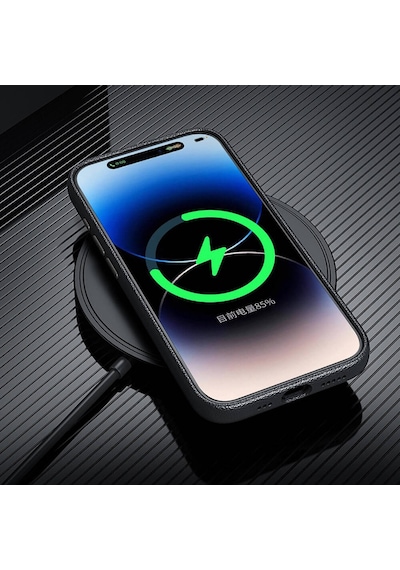 Apple Uyumlu iPhone 16 Pro Kılıf Magsafe Destekli Premium Pu Deri Kapak Royal Case/adora Siyah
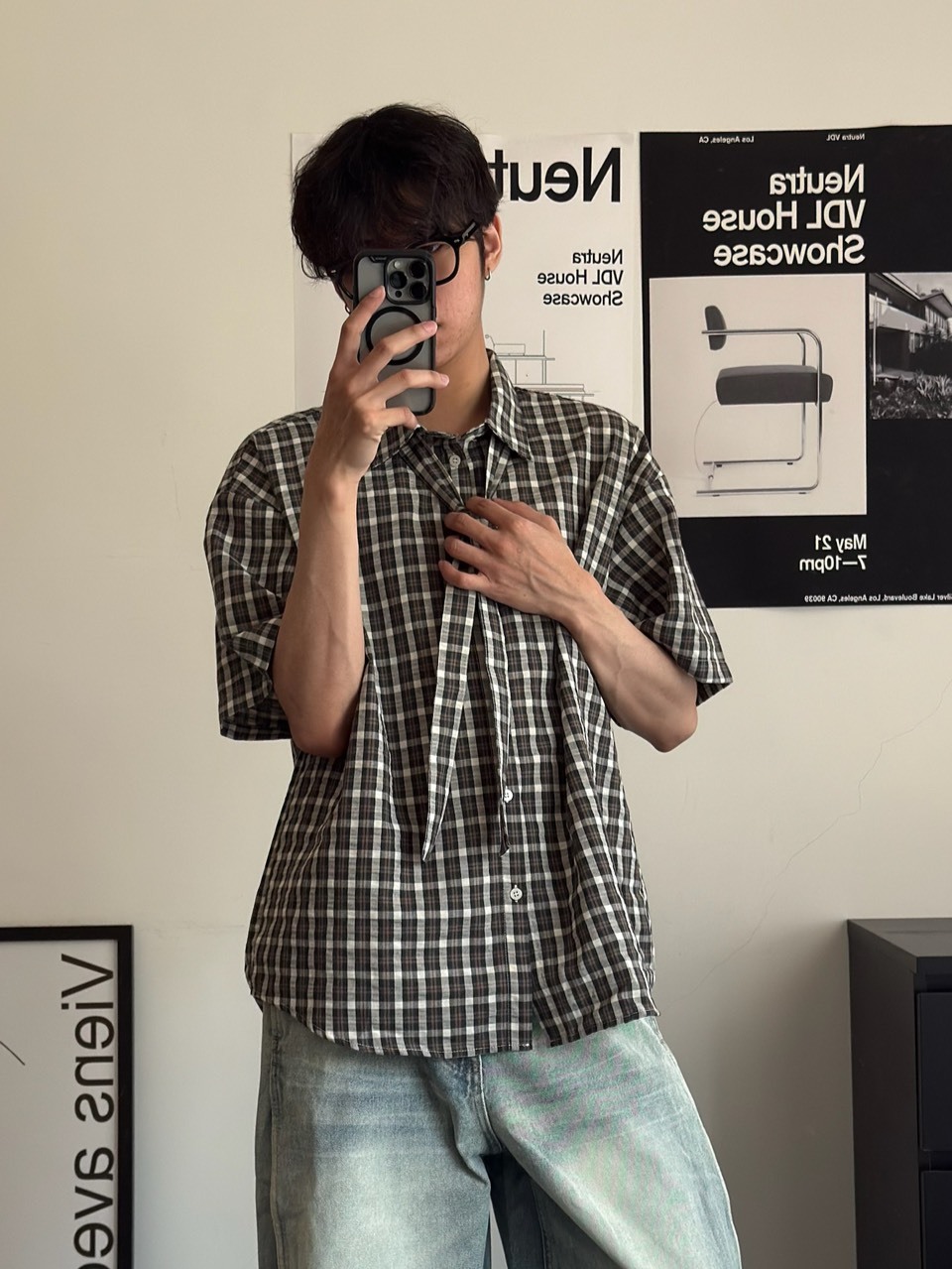 （現貨）westward ST057 日系 復古 小格子 附裝飾領帶 短袖襯衫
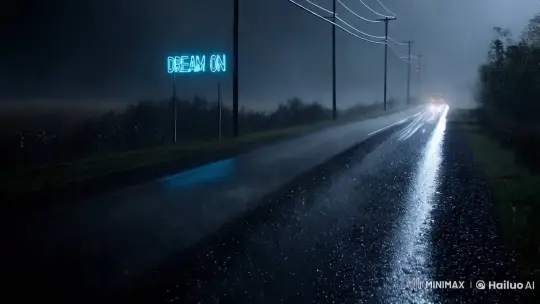 Mysterious Countryside Road in Torrential Rain – AI Generated Video | Hailuo AI
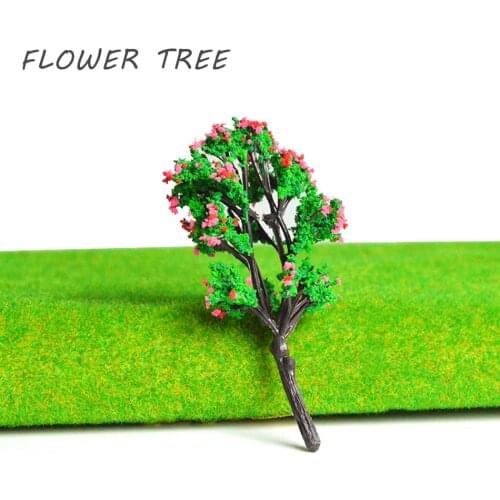 8cm colorful model flower miniature trees HO N scale for train railway scenery layout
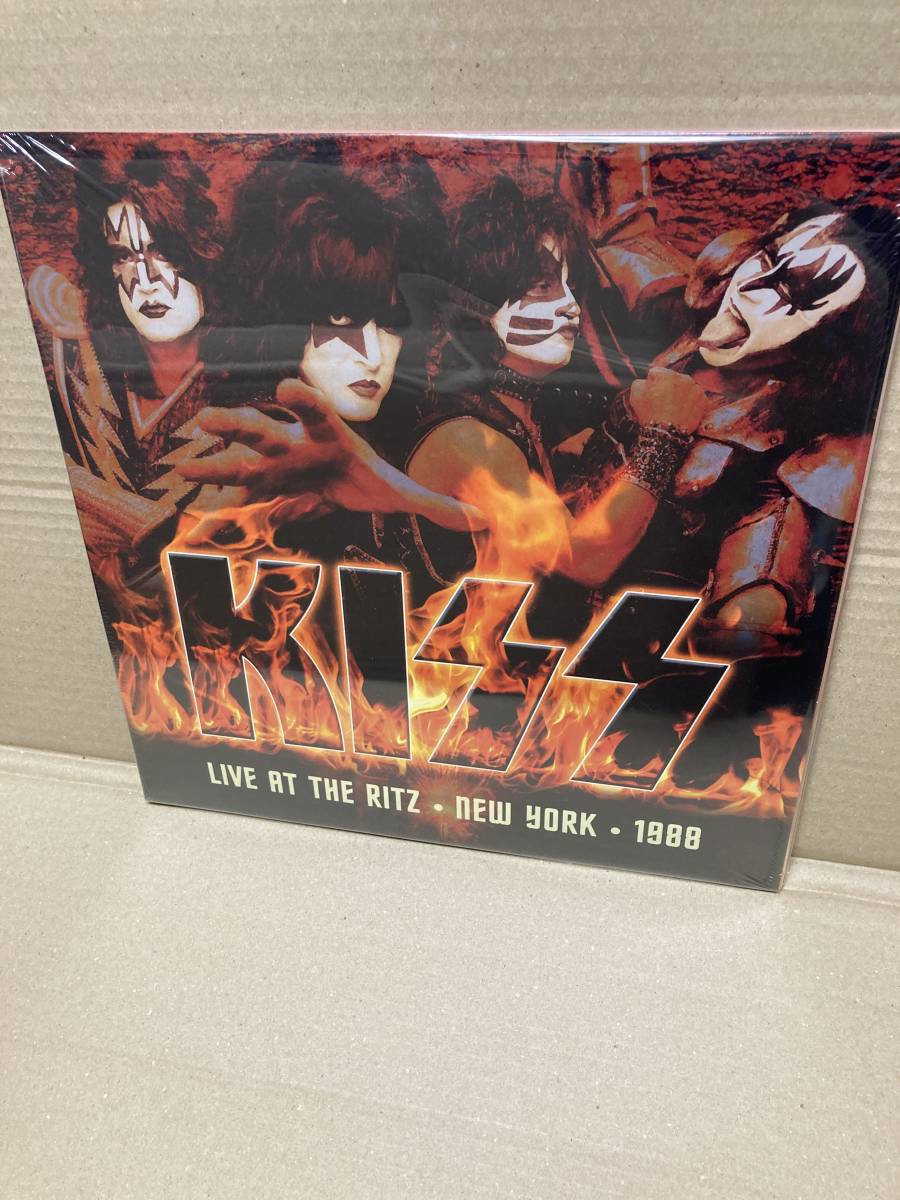 SEALED RED VINYL！新品LP x3！キッス Kiss / Live At The Ritz New York 1988 未開封 限定 アナログ盤レコード LOVE GUN CRAZY NIGHTS NEW_画像1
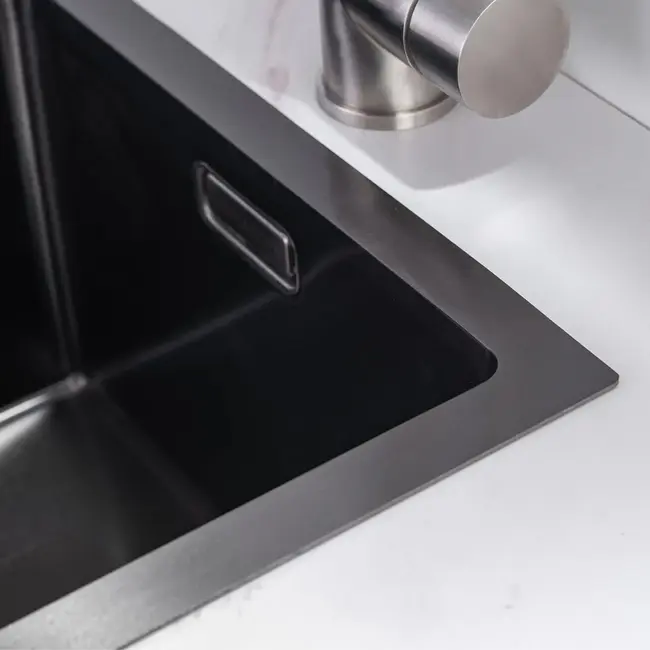 Tweedekans - Nurion Spoelbak Black Metal 34,5 x 34,5 – Spoelbak Keuken - Spoelbakken Keuken – Wasbak Keuken - zonder Kraangat RVS - Default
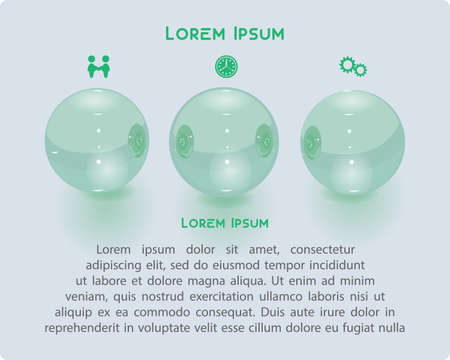 Presentation business-infographic template with 3 variants of 3D. Vector illustrationのイラスト素材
•••
■ **What to do**:
Restate all entries exactly; pictures stay out.

■ **Your solution**:
 Apple Uyumlu iPhone 16 Pro Kılıf Magsafe Destekli Premium Pu Deri Kapak Royal Case/adora Siyah
 （現貨）westward ST057 日系 復古 小格子 附裝飾領帶 短袖襯衫
 Mysterious Countryside Road in Torrential Rain – AI Generated Video | Hailuo AI
 8cm colorful model flower miniature trees HO N scale for train railway scenery layout
 SEALED RED VINYL！新品LP x3！キッス Kiss / Live At The Ritz New York 1988 未開封 限定 アナログ盤レコード LOVE GUN CRAZY NIGHTS NEW_画像1
 Tweedekans - Nurion Spoelbak Black Metal 34,5 x 34,5 – Spoelbak Keuken - Spoelbakken Keuken – Wasbak Keuken - zonder Kraangat RVS - Default
 Presentation business-infographic template with 3 variants of 3D. Vector illustrationのイラスト素材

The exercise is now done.